* _YOUR TASK_:
Count how many lines in the entries below hold "photo". Only the number belongs in the answer.

Source records
________________

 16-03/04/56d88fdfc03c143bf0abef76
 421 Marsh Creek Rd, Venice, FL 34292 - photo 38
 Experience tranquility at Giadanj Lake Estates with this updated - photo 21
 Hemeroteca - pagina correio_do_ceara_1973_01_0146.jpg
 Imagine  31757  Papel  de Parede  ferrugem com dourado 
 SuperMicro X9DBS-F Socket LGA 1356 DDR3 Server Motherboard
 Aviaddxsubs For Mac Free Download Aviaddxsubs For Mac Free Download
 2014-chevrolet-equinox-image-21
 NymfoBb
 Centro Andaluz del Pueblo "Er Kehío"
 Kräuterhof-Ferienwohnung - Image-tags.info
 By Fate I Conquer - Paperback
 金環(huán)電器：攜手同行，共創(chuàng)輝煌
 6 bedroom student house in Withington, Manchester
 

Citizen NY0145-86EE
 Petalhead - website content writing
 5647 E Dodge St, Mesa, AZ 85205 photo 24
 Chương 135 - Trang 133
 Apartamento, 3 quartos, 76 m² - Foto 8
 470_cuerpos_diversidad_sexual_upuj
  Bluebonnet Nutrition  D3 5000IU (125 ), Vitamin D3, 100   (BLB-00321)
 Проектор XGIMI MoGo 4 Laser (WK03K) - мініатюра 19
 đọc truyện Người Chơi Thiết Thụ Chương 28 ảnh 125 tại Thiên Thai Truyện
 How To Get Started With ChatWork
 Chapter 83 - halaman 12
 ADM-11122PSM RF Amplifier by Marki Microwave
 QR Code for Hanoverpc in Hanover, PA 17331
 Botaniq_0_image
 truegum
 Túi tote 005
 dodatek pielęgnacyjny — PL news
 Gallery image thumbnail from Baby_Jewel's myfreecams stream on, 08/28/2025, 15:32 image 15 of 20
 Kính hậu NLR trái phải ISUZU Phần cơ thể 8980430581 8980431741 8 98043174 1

________________

* _RESPONSE AREA_:
3